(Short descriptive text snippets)
BEGIN

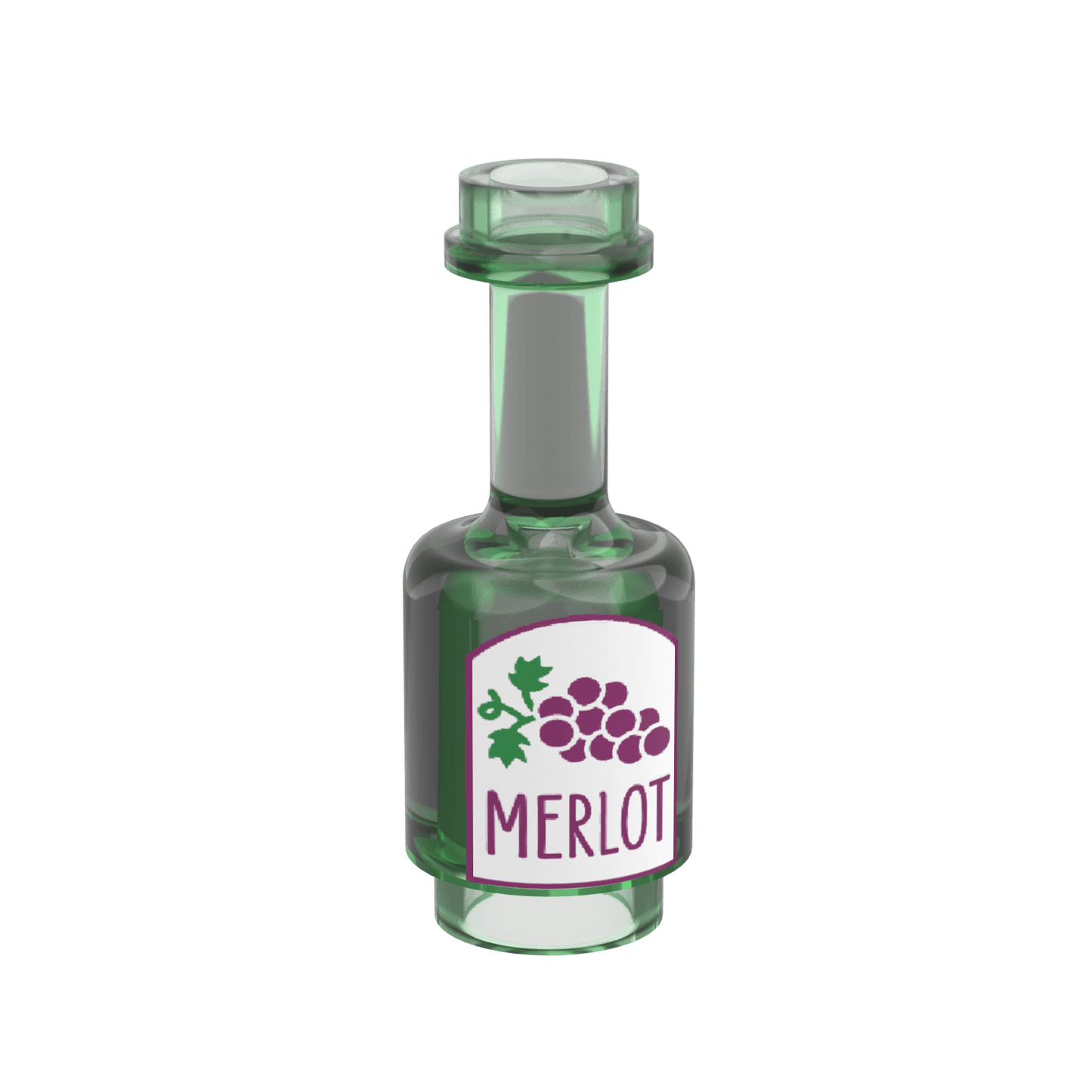 'Merlot' - Red Wine Bottle - Custom Printed - Made with LEGO® Parts
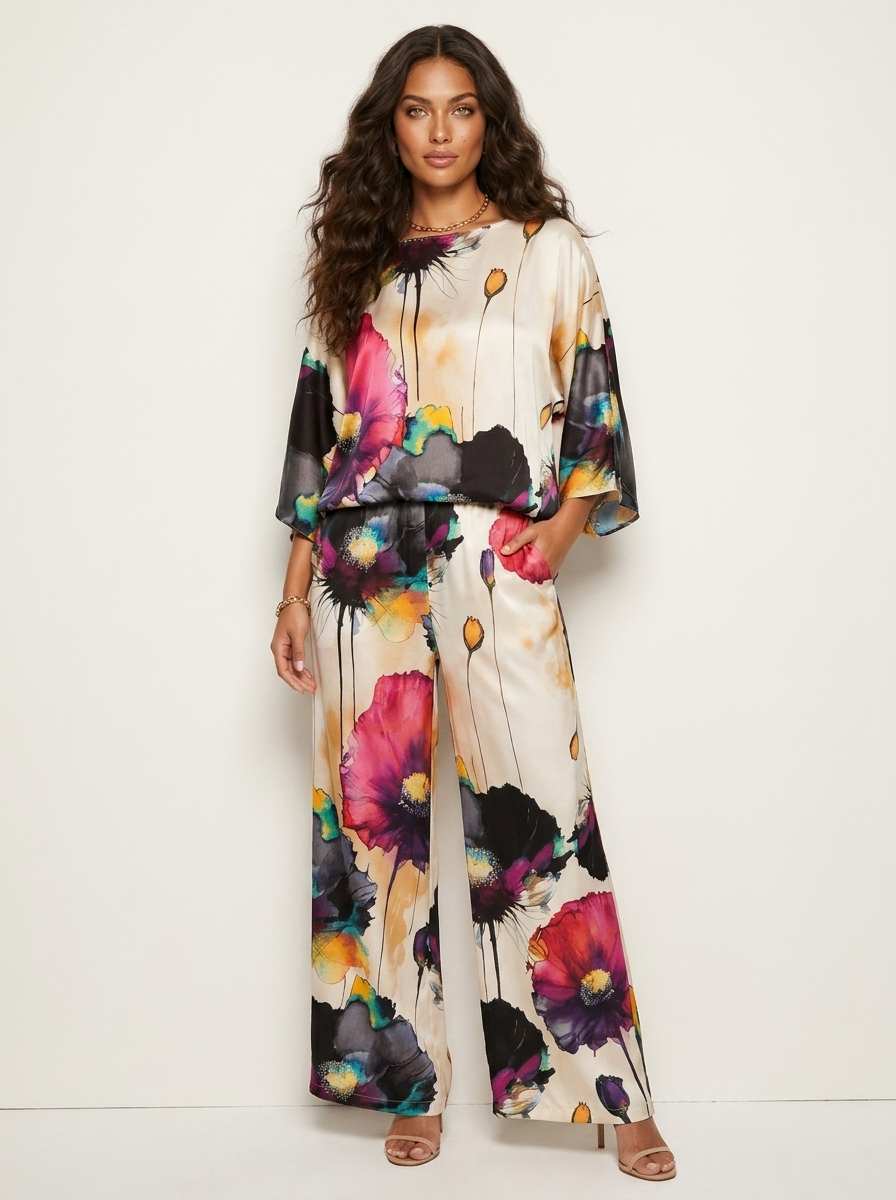 Dames 2-Delige Set – Bloemenprint met Losvallende Top en Wijde Broek Zwart / S - AIDA LENA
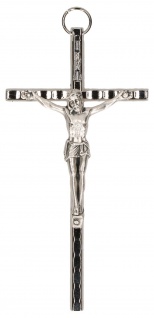 Kruzifix Corpus INRI Kreuz Metall 11 cm silberfarben Wandkreuz Christlich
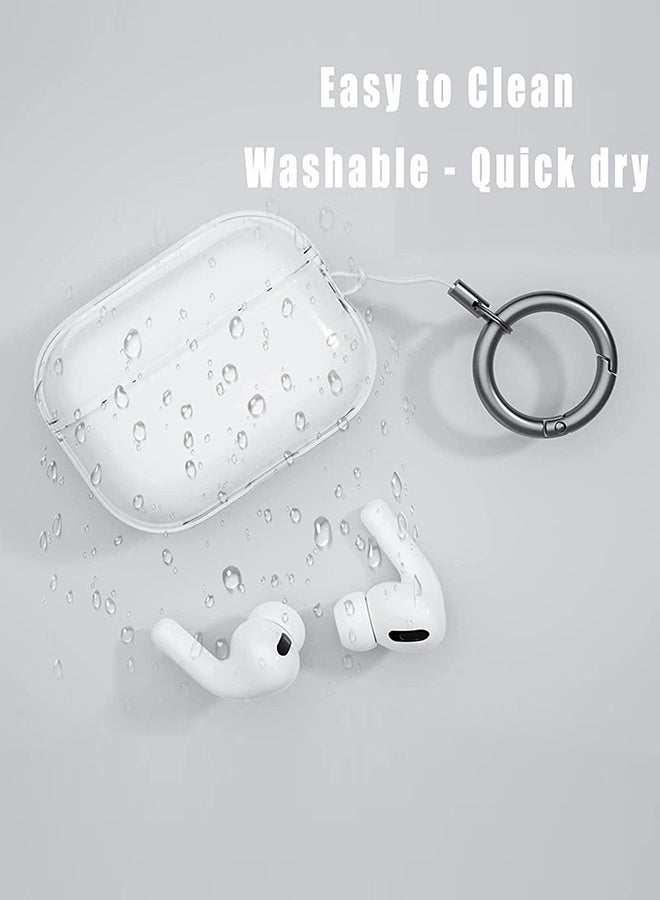 بشكل مختصر حافظة شفافة متوافقة مع AirPods Pro 2 (2022) - حافظة سيليكون ناعمة عالية الجودة من مادة TPU مع خطاف لميدالية المفاتيح، تدعم الشحن اللاسلكي، حماية ضد الصدمات - Image 4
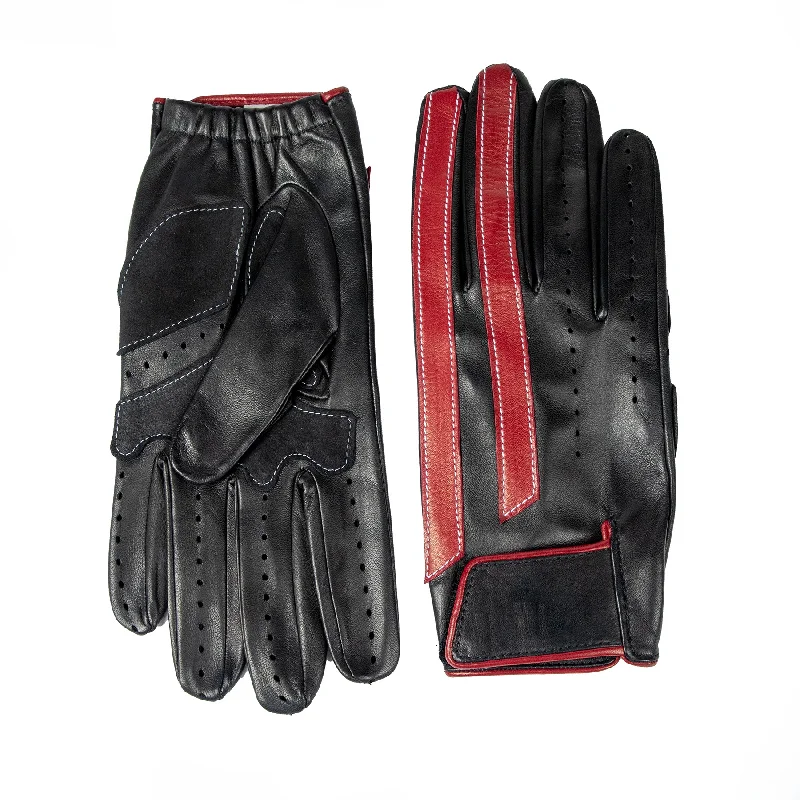 Men's unlined driving gloves in black nappa leather with red leather strips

END

■ What is being asked ■
Return the full set of lines above word for word and with no pictures.

■ Task output ■
 'Merlot' - Red Wine Bottle - Custom Printed - Made with LEGO® Parts
 Dames 2-Delige Set – Bloemenprint met Losvallende Top en Wijde Broek Zwart / S - AIDA LENA
 Kruzifix Corpus INRI Kreuz Metall 11 cm silberfarben Wandkreuz Christlich
 بشكل مختصر حافظة شفافة متوافقة مع AirPods Pro 2 (2022) - حافظة سيليكون ناعمة عالية الجودة من مادة TPU مع خطاف لميدالية المفاتيح، تدعم الشحن اللاسلكي، حماية ضد الصدمات - Image 4
 Men's unlined driving gloves in black nappa leather with red leather strips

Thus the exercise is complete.